• [WORK REQUEST]:
Would you print out every entry exactly as given?
START GIVEN RECORDS
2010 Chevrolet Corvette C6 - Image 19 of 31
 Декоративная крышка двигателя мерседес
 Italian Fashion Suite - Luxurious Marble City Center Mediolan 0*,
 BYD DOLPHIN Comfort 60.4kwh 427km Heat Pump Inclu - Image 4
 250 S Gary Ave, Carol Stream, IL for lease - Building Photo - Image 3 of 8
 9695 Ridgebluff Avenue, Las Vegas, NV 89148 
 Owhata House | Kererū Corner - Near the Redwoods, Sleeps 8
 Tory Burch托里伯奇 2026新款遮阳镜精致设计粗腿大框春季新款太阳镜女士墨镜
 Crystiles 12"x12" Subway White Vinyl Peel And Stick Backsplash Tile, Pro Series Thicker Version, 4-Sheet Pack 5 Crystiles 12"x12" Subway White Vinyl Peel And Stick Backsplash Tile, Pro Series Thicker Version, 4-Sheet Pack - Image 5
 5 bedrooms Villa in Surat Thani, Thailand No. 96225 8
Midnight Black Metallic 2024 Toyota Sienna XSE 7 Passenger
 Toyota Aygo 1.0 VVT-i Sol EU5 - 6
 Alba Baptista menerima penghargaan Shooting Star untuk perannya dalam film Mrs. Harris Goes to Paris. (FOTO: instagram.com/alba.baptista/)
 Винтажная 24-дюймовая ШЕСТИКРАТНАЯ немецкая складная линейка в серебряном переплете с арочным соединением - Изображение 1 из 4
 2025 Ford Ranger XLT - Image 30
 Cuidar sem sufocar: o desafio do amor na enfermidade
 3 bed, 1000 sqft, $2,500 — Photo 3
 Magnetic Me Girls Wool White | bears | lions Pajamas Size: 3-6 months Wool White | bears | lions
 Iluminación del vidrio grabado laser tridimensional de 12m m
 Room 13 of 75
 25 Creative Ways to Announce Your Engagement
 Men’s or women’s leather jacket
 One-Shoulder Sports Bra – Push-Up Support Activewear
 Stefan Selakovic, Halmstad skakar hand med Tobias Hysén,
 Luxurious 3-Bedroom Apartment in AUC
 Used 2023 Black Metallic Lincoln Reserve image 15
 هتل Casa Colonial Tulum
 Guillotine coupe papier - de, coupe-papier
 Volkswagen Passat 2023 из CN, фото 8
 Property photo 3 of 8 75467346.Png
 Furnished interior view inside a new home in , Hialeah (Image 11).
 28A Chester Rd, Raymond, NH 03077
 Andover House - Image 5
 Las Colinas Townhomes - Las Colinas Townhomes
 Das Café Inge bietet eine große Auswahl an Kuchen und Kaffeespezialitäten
END GIVEN RECORDS
• [TASK RESPONSE]:
2010 Chevrolet Corvette C6 - Image 19 of 31
 Декоративная крышка двигателя мерседес
 Italian Fashion Suite - Luxurious Marble City Center Mediolan 0*,
 BYD DOLPHIN Comfort 60.4kwh 427km Heat Pump Inclu - Image 4
 250 S Gary Ave, Carol Stream, IL for lease - Building Photo - Image 3 of 8
 9695 Ridgebluff Avenue, Las Vegas, NV 89148 
 Owhata House | Kererū Corner - Near the Redwoods, Sleeps 8
 Tory Burch托里伯奇 2026新款遮阳镜精致设计粗腿大框春季新款太阳镜女士墨镜
 Crystiles 12"x12" Subway White Vinyl Peel And Stick Backsplash Tile, Pro Series Thicker Version, 4-Sheet Pack 5 Crystiles 12"x12" Subway White Vinyl Peel And Stick Backsplash Tile, Pro Series Thicker Version, 4-Sheet Pack - Image 5
 5 bedrooms Villa in Surat Thani, Thailand No. 96225 8
Midnight Black Metallic 2024 Toyota Sienna XSE 7 Passenger
 Toyota Aygo 1.0 VVT-i Sol EU5 - 6
 Alba Baptista menerima penghargaan Shooting Star untuk perannya dalam film Mrs. Harris Goes to Paris. (FOTO: instagram.com/alba.baptista/)
 Винтажная 24-дюймовая ШЕСТИКРАТНАЯ немецкая складная линейка в серебряном переплете с арочным соединением - Изображение 1 из 4
 2025 Ford Ranger XLT - Image 30
 Cuidar sem sufocar: o desafio do amor na enfermidade
 3 bed, 1000 sqft, $2,500 — Photo 3
 Magnetic Me Girls Wool White | bears | lions Pajamas Size: 3-6 months Wool White | bears | lions
 Iluminación del vidrio grabado laser tridimensional de 12m m
 Room 13 of 75
 25 Creative Ways to Announce Your Engagement
 Men’s or women’s leather jacket
 One-Shoulder Sports Bra – Push-Up Support Activewear
 Stefan Selakovic, Halmstad skakar hand med Tobias Hysén,
 Luxurious 3-Bedroom Apartment in AUC
 Used 2023 Black Metallic Lincoln Reserve image 15
 هتل Casa Colonial Tulum
 Guillotine coupe papier - de, coupe-papier
 Volkswagen Passat 2023 из CN, фото 8
 Property photo 3 of 8 75467346.Png
 Furnished interior view inside a new home in , Hialeah (Image 11).
 28A Chester Rd, Raymond, NH 03077
 Andover House - Image 5
 Las Colinas Townhomes - Las Colinas Townhomes
 Das Café Inge bietet eine große Auswahl an Kuchen und Kaffeespezialitäten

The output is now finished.